EXERCISE DIRECTIONS
Please reproduce exactly, and only, the line containing "Tantri Syalindri atau" and every line after it to the end of the records below, leaving out all pictures.

(Items from a dataset)
.....

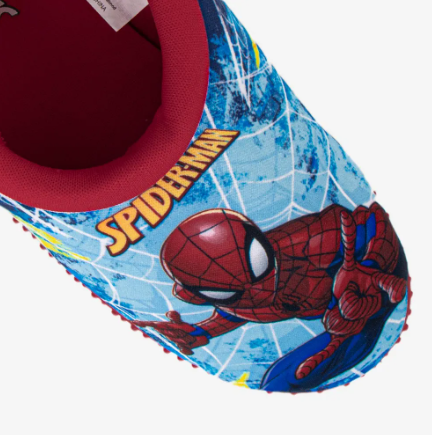 Aquashoes: Niños con estilo en la playa y piscina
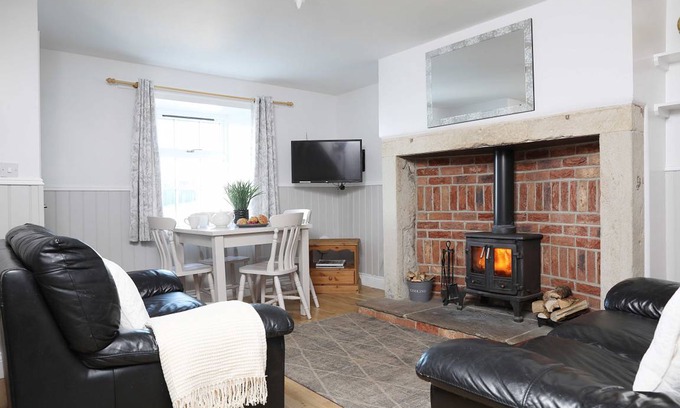 Belford Cottage | Cabin ∙ 2 bedrooms ∙ 4 guests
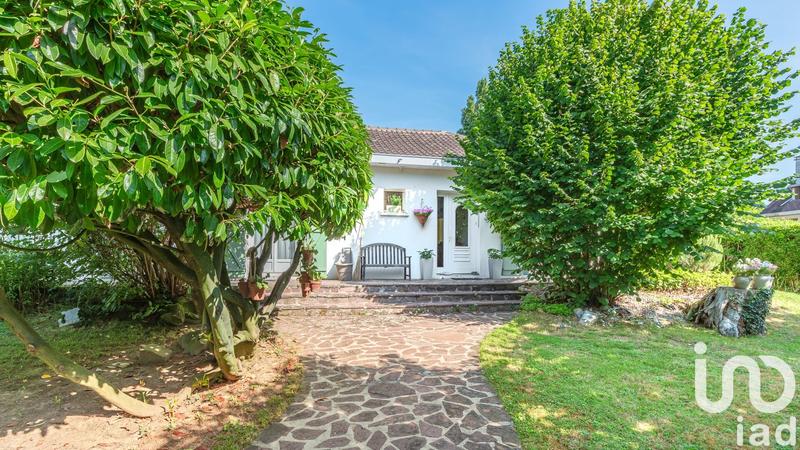 Maison - 183 m² - 9 pièces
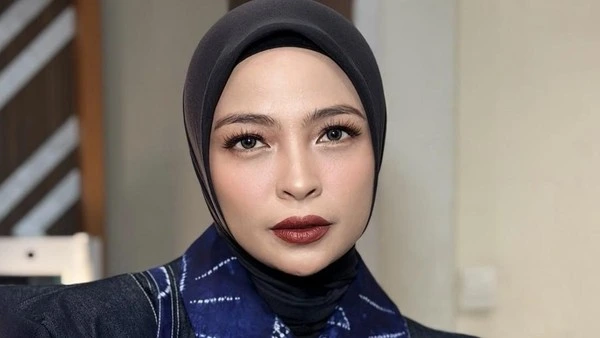 Tantri Syalindri atau Tantri Kotak menjelaskan dugaan penipuan investasi senilai sekitar Rp10 miliar yang diduga dilakukan oleh teman dekatnya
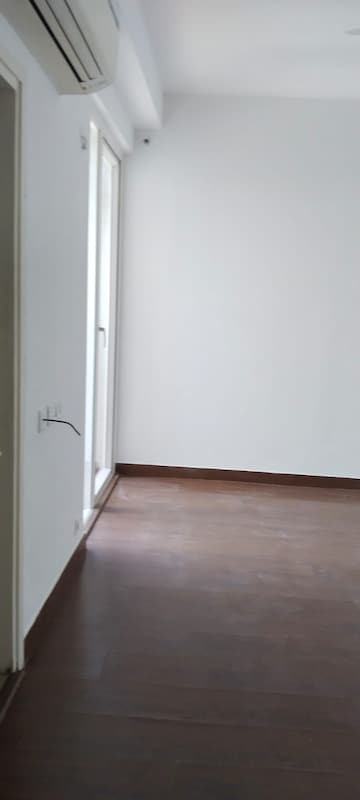 Room in 3 BHK Apartment at Mapsko Mount Ville, Sector 79 – for Rent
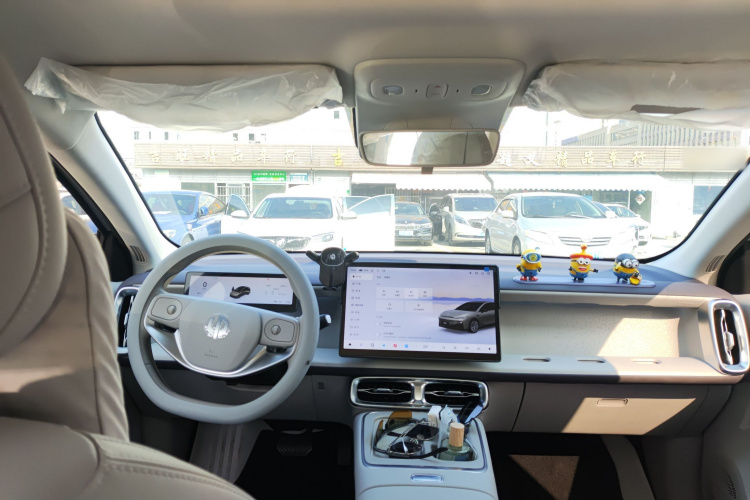 零跑汽车 零跑B01 2025款 650悦享版中控内饰12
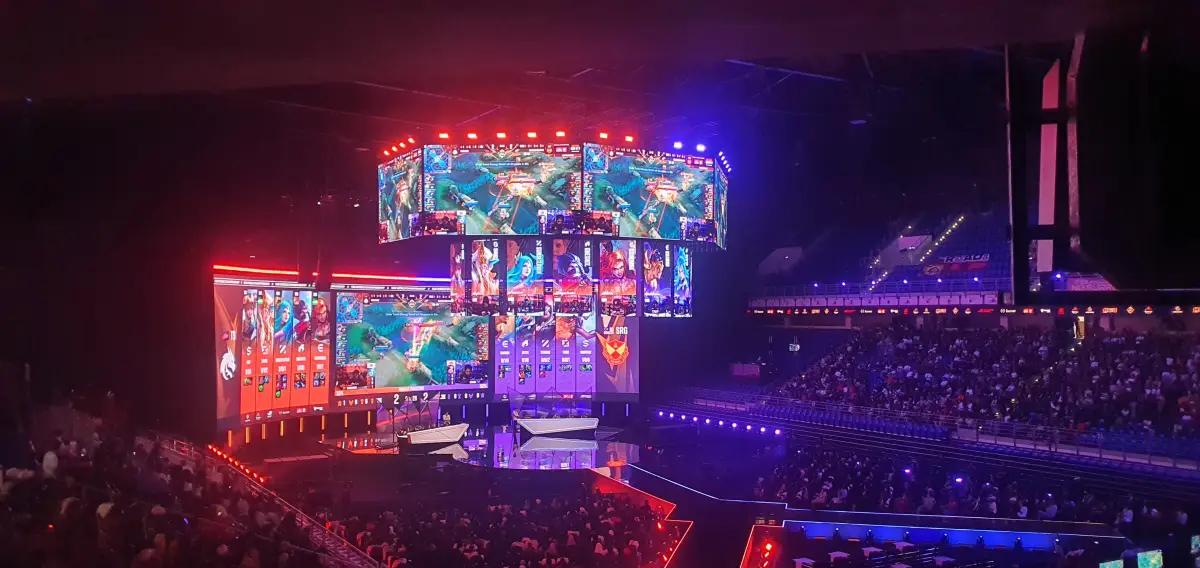 Panggung Mobile Legends (FOTO: Indogamers.com/Ica Juniyanti)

.....

FINAL ANSWER
 Tantri Syalindri atau Tantri Kotak menjelaskan dugaan penipuan investasi senilai sekitar Rp10 miliar yang diduga dilakukan oleh teman dekatnya
 Room in 3 BHK Apartment at Mapsko Mount Ville, Sector 79 – for Rent
 零跑汽车 零跑B01 2025款 650悦享版中控内饰12
 Panggung Mobile Legends (FOTO: Indogamers.com/Ica Juniyanti)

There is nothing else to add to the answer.